What is a faithful representation?

Question

In the notes I am reading, it states: A representation fo an affine group scheme $G$ is a morphism $r: G \rightarrow GL_V$. It is faithful if it is injective.

In this notes they are defining schemes using their functors of points, so here a morphism is a natural transformation, which I understand as equivalent to assigning a map $G(R) \rightarrow GL_V(R)$ for all $k$ algebras $R$ so that given any morphism $R \rightarrow R'$ the diagram (which I don't know how to create on Latex) commutes.

What does it mean for this to be injective? Any explanation would be appreciated. Thank you.

Answer 1

In any category you have a notion of monomorphism, which is often taken as a generalization of the notion of injectivity (in $\mathbf{Set}$ and many usual categories such as $\mathbf{Grp}$, the monomorphisms are precisely the injective maps)

Here "injective" is probably meant as "a monomorphism $G\to GL_V$".

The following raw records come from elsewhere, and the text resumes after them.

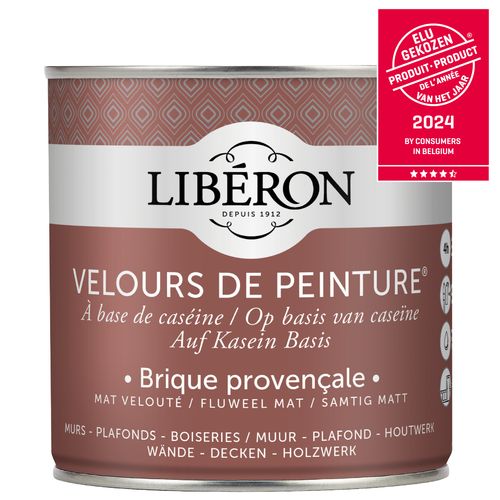 Liberon Velours De Peinture Muurverf Op Basis Van Caseïne 0,5l Fluweel Mat Rose De Mai
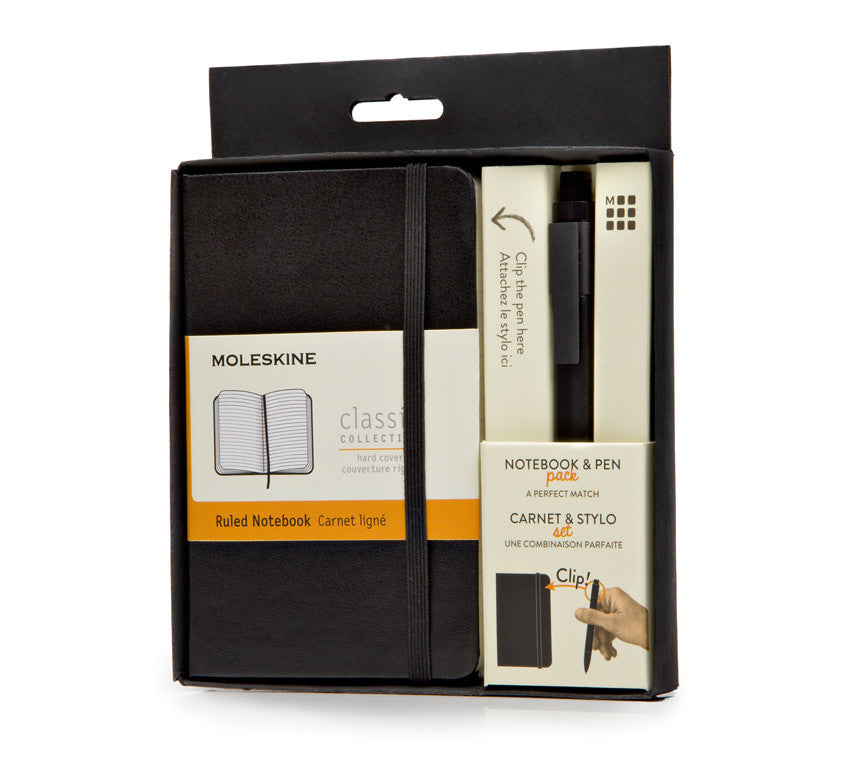 Premium Moleskine Notebook Bundle with Roller Pen & Hard Cover - Perfect for Journaling, Note Taking, and Gift Giving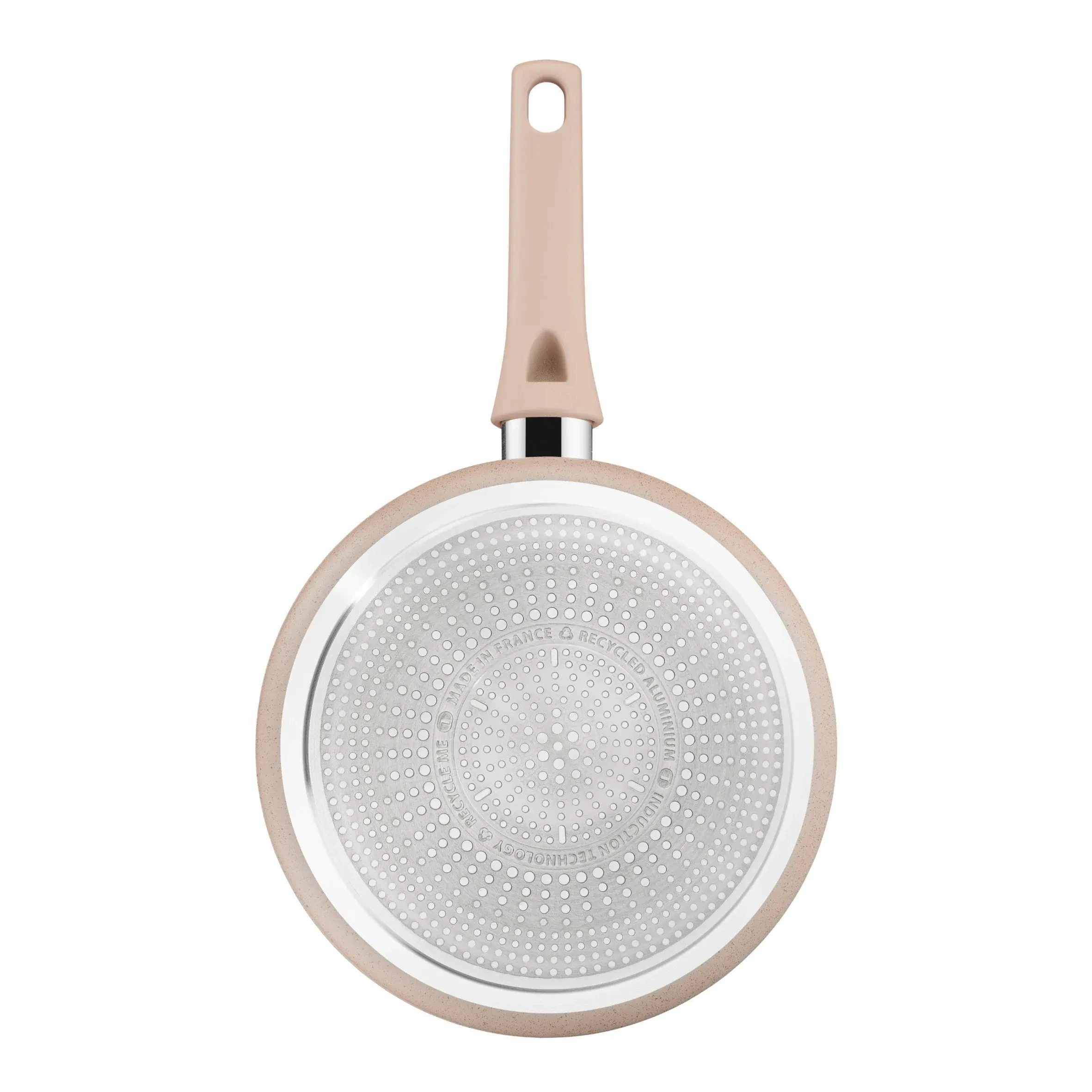 Сотейник Tefal Delight, з кришкою, 24см, алюміній, бпкеліт, бежевий - 3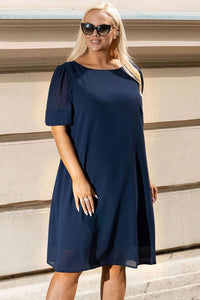 Plus size dress model 180452 Karko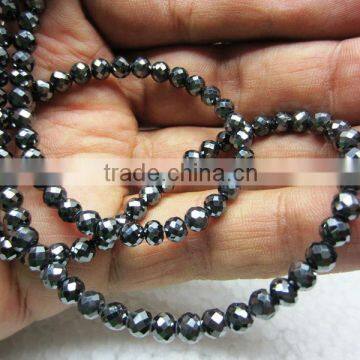 Loose Black Diamond Moissanite Strand Chain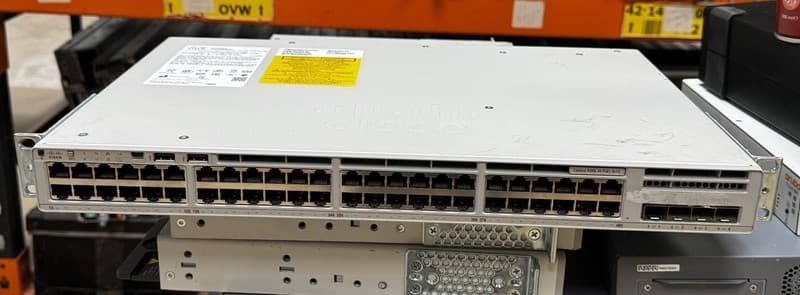 CISCO C9200L-48P-4G-E 48 PORT SWITCH POE+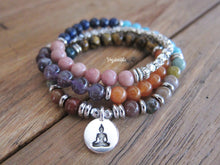 54 Bead Mala Bracelet or Necklace - 7 Chakra Japa Mala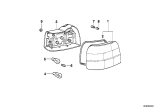 Diagram for 1995 BMW 318ti Back Up Light - 63218353551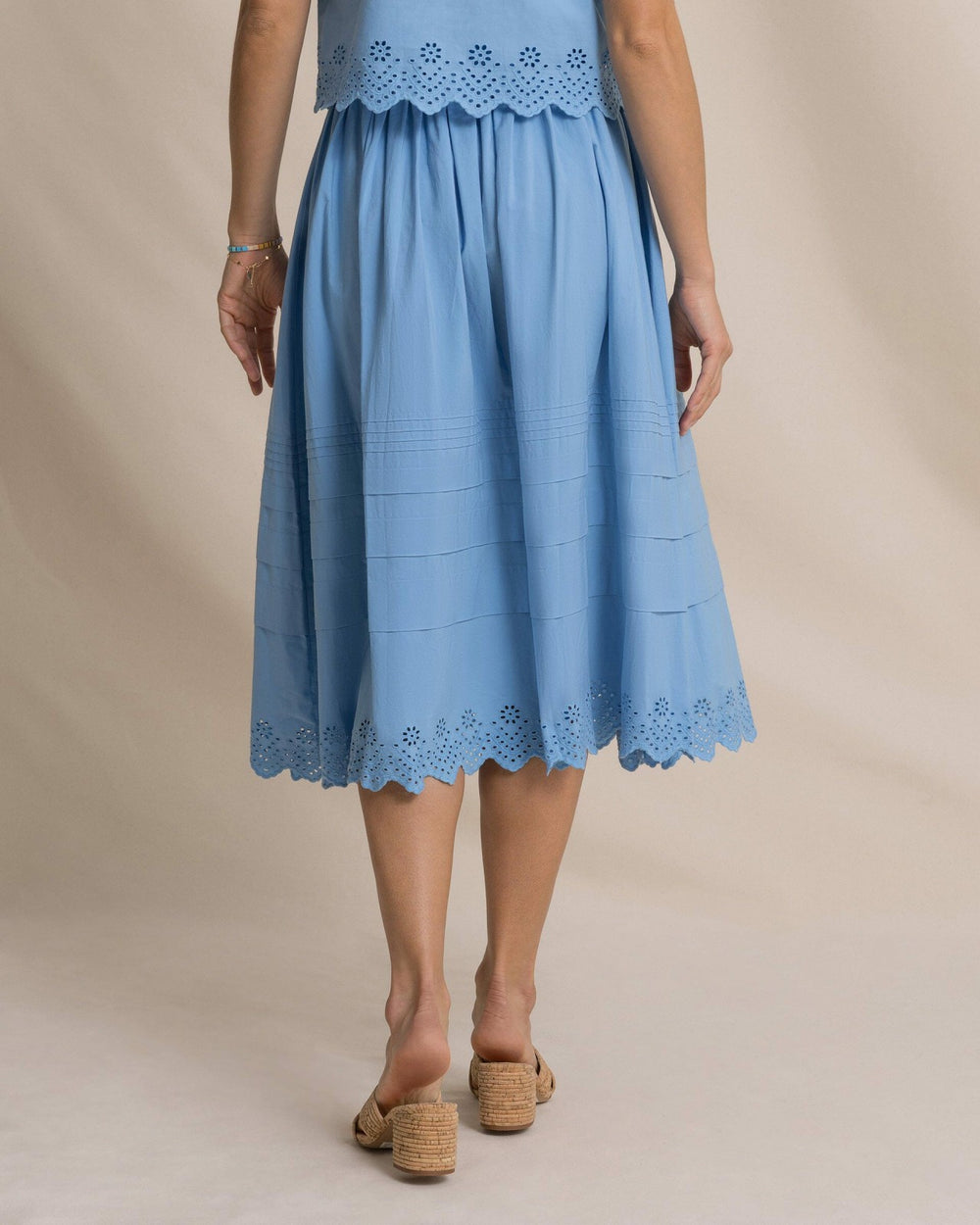 Gigi Eyelet Midi Skirt Southern Tide Discounted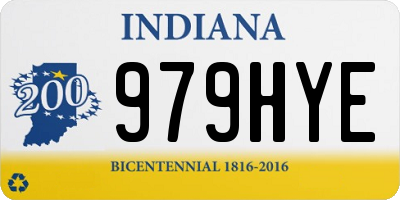 IN license plate 979HYE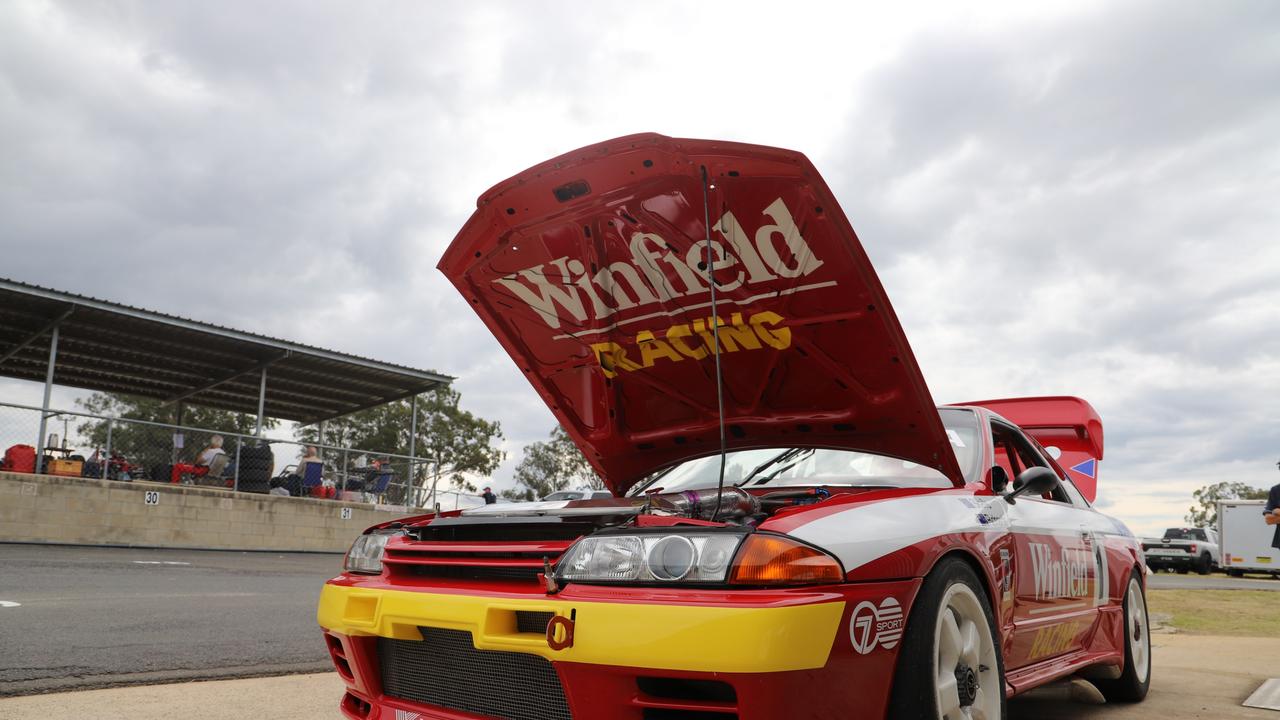 The Historic Car Club Queensland meet at Morgan Park Raceway.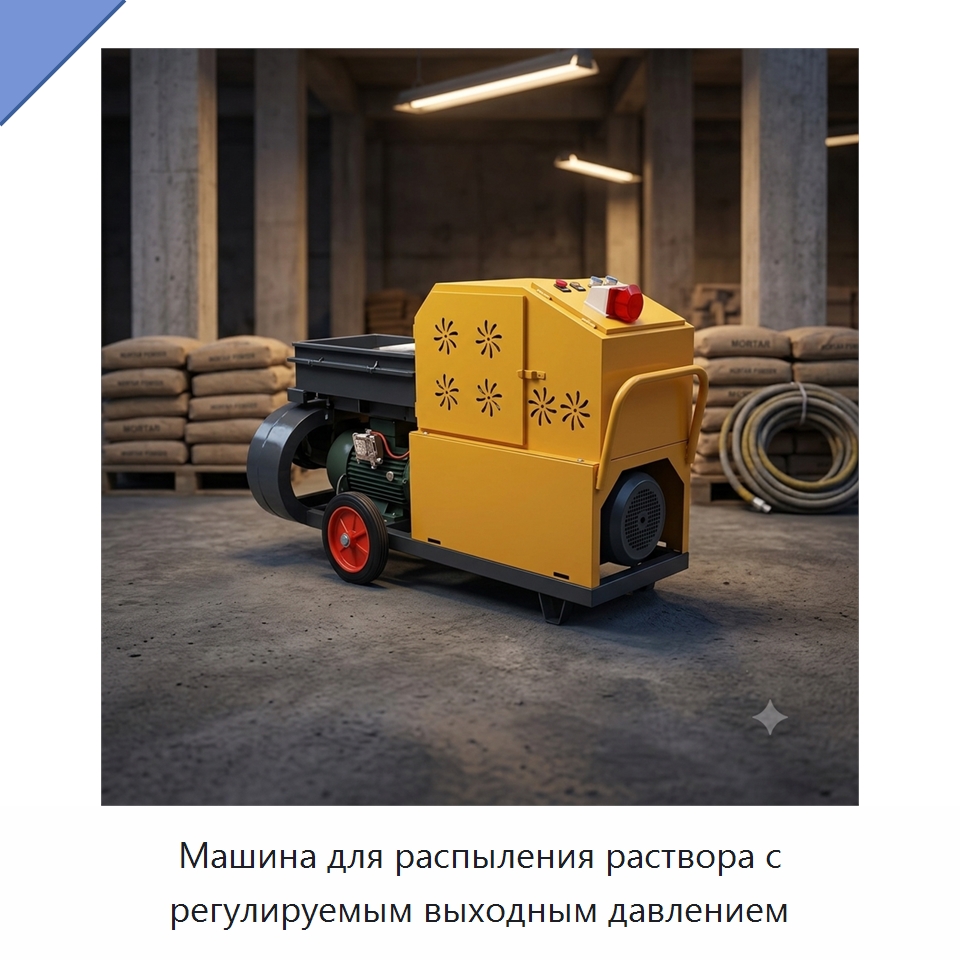 Машина для распыления раствора с регулируемым выходным давлением — Штукатурные станции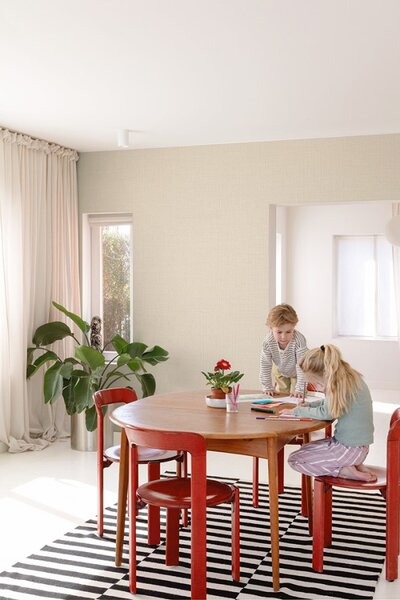 Flis tapeta za zid, bež, imitacija tkanine, LD1019, Little Dreamers, Grandeco | Ljepilo besplatno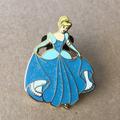 Disney Jewelry | Disney Cinderella Enamel Collectible Pin | Color: Blue/Gold | Size: Os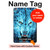 S0752 Blue Fire Grim Wolf Hard Case For iPad mini 4, iPad mini 5, iPad mini 5 (2019)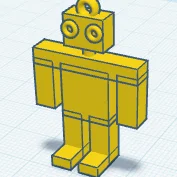 Móc khóa robot figure mini
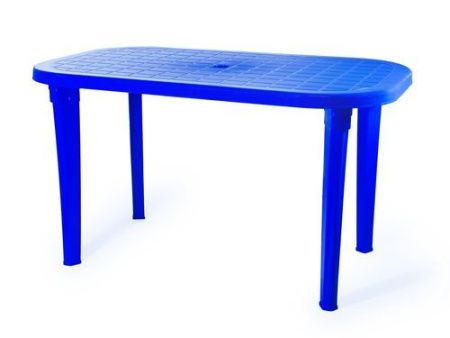 стол пластиковый овальный синий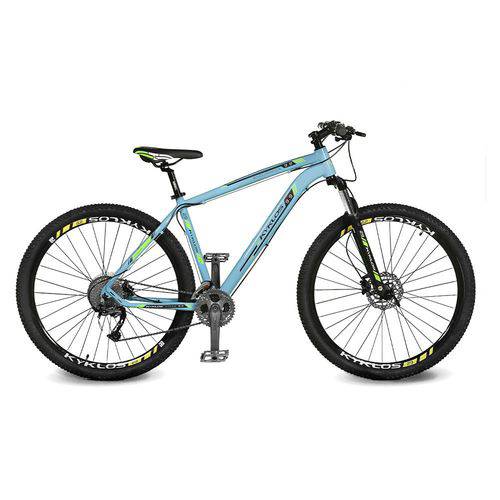 Assistência Técnica, SAC e Garantia do produto Bicicleta Kyklos Aro 29 Endurance 9.9 27 V. Freio Hidráulica com Trava Azul/Verde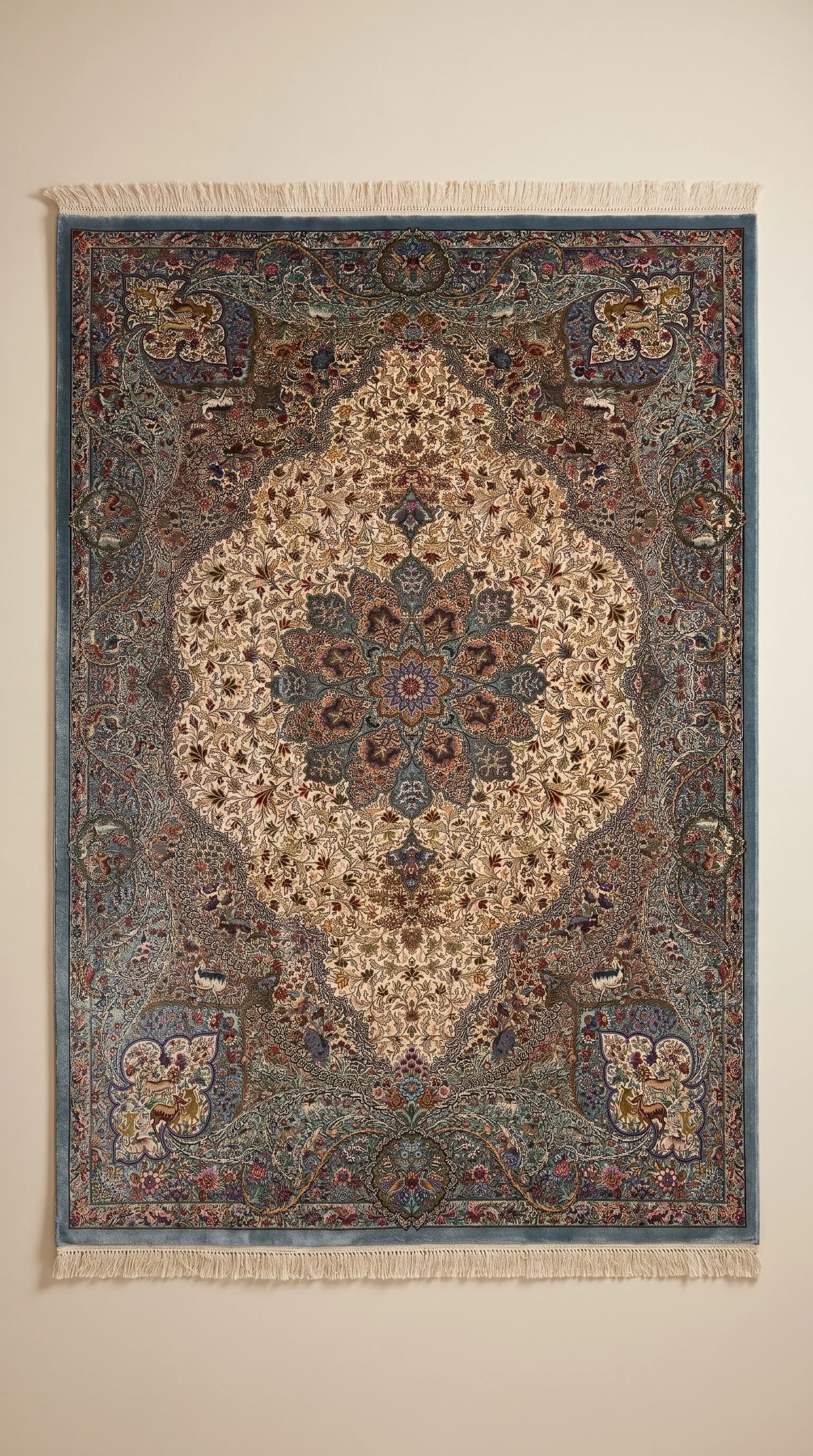 Handmade High-Quality Pure Silk Persian Carpet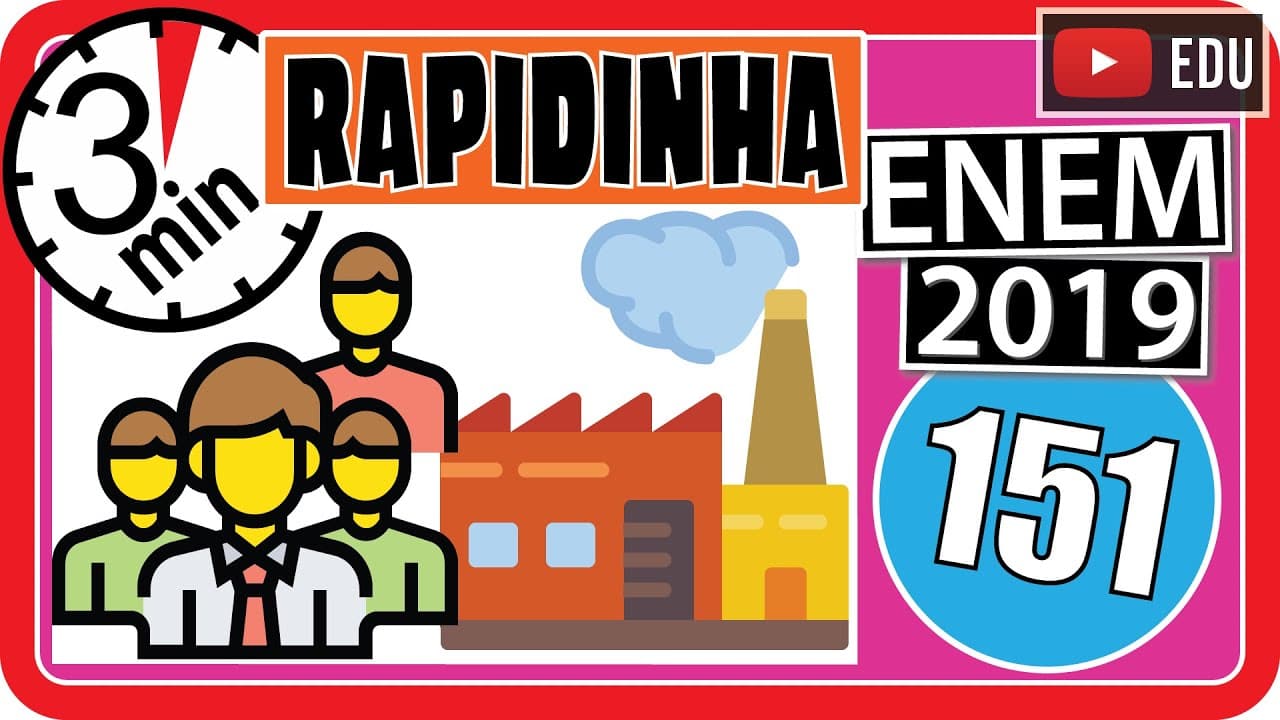 Thumbnail: 🏃 [ENEM 2019] 151 📘 PORCENTAGEM Três sócios resolveram fundar uma fábrica O investimento inicial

Now I don't know enough algebraic geometry, but there is probably an interpretation of "monomorphism" in terms of the maps $G(R)\to GL_V(R)$, for algebras $R$. For instance if this map is injective for all $R$, then $G\to GL_V$ is a monomorphism; I don't know about the converse, hopefully someone with more algebraic geometry knowledge can fill that gap.

If you look in the category of affine schemes, which is dual to the category of rings, then a map $\hom(A,-)\to \hom(B,-)$ is a monomorphism if and only if the associated $B\to A$ is an epimorphism. But if it is an epimorphism, given $R$, $\hom(A,R)\to \hom(B,R)$ is clearly injective; so in the category of affine schemes, monomorphisms are precisely the maps that are injective on each algebra; however I don't know what happens if you go to schemes.

Answer 2

Let $G$ and $H$ be finite type algebraic groups over a field $k$. Then, the following are equivalent for a group map $f:G\to H$:

1. The kernel $\ker f$ is trivial as a scheme (i.e. $(\ker f)(R)=\ker f(R)=1$ for all $R$ i.e. $G(R)\to H(R)$ is injective for all $R$ i.e. $\ker(f)=\mathrm{Spec}(k)$).
2. The map $f$ is a closed embedding.
3. The map $f(\overline{k}):G(\overline{k})\to H(\overline{k})$ is injective and the map on Lie algebras $(df)_e:\mathrm{Lie}(G)\to\mathrm{Lie}(H)$ is injective.

If you assume that $\mathrm{char}(k)=0$ you can even remove the condition on Lie algebras in 3. To see this, note that 1. evidently implies that $f(\overline{k}):G(\overline{k})\to H(\overline{k})$ is injective. Conversely, if $f(\overline{k})$ is injective then $(\ker f)(\overline{k})$ is trivial. In characteristic $0$ the scheme $\ker f$ is automatically reduced, and since it's reduced and finite type the claim that $(\ker f)(\overline{k})$ is trivial implies that $\ker f=\mathrm{Spec}(k)$.

In positive characteristic you cannot remove the Lie algebra condition 3. as the example of the trivial map $\mu_p\to\mathrm{Spec}(\mathbb{F}_p)$ shows. That said, even in positive characteristic you can remove the Lie algebra condition if you assume that $f$ is smooth since then the above argument I mentioned for characteristic $0$ still works since $f$ smooth implies that $\ker f$ is smooth.

Being 'injective' for a map of algebraic groups finite type over $k$ means that one of these three equivalent conditions holds. So a faithful representation $f:G\to\mathrm{GL}(V)$ means that one of the above three conditions holds. I usually think of the condition $\ker f=1$, but it's useful to know it's a closed embedding, and it's useful to know that you need only check that it's injective on $\overline{k}$-points in positive characteristic.